Abdul Jabbar

Personal information
- Full name: Abdul Jabbar Chaudrey
- Born: 1 March 1983 (age 43) Rawalpindi, Punjab, Pakistan
- Batting: Right-handed
- Bowling: Right-arm medium

International information
- National side: Canada;
- ODI debut (cap 48): 18 October 2007 v Kenya
- Last ODI: 20 October 2007 v Kenya

Career statistics
| Competition | ODI | First-class |
| Matches | 2 | 3 |
| Runs scored | 59 | 70 |
| Batting average | 29.50 | 11.66 |
| 100s/50s | 0/0 | 0/0 |
| Top score | 44 | 49 |
| Balls bowled | – | 12 |
| Wickets | – | 0 |
| Bowling average | – | – |
| 5 wickets in innings | – | – |
| 10 wickets in match | – | – |
| Best bowling | – | – |
| Catches/stumpings | 1/– | 1/– |
- Source: ESPNcricinfo, 16 January 2011

= Abdul Jabbar (Canadian cricketer) =

Canadian cricketer (born 1983)

Abdul Jabbar (born 1 March 1983) is a Canadian cricket player.

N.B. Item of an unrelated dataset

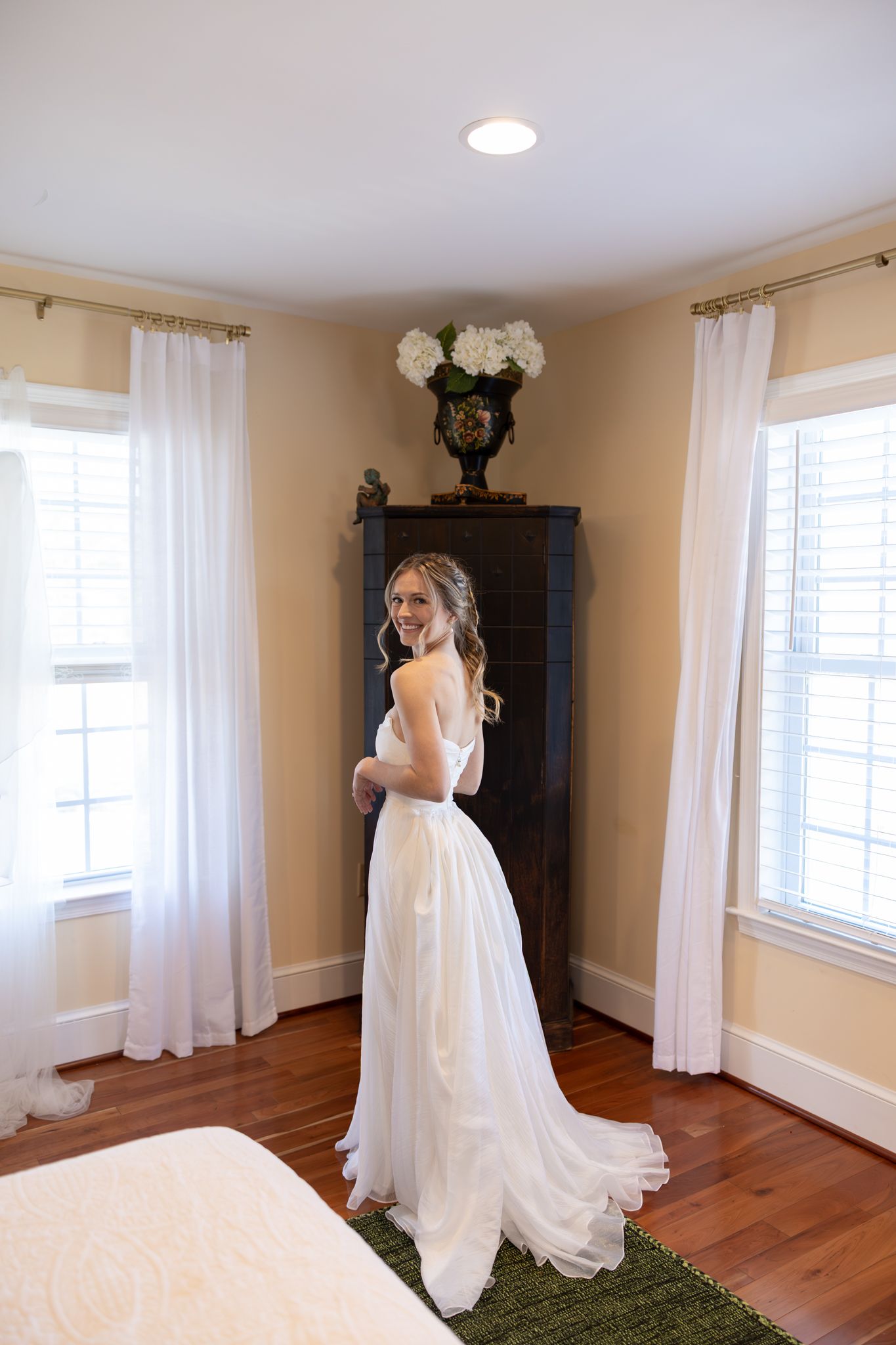 Bride in a flowing white wedding gown standing in a sunlit bedroom looking over her shoulder.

He is a right-hand batsman and a right-arm medium pace bowler. He made his One-Day International debut for Canada on the tour to Kenya in October 2007. There, he appeared in two matches scoring 59 runs with a high score of 44 and averaging 29.50. He also was involved in two Intercontinental Cup matches against Kenya and Namibia scoring 70 runs with a high score of 49, averaging 17.50. His 49 came on his Intercontinental Cup debut against Kenya, contributing to Canada's first wicket partnership of 68.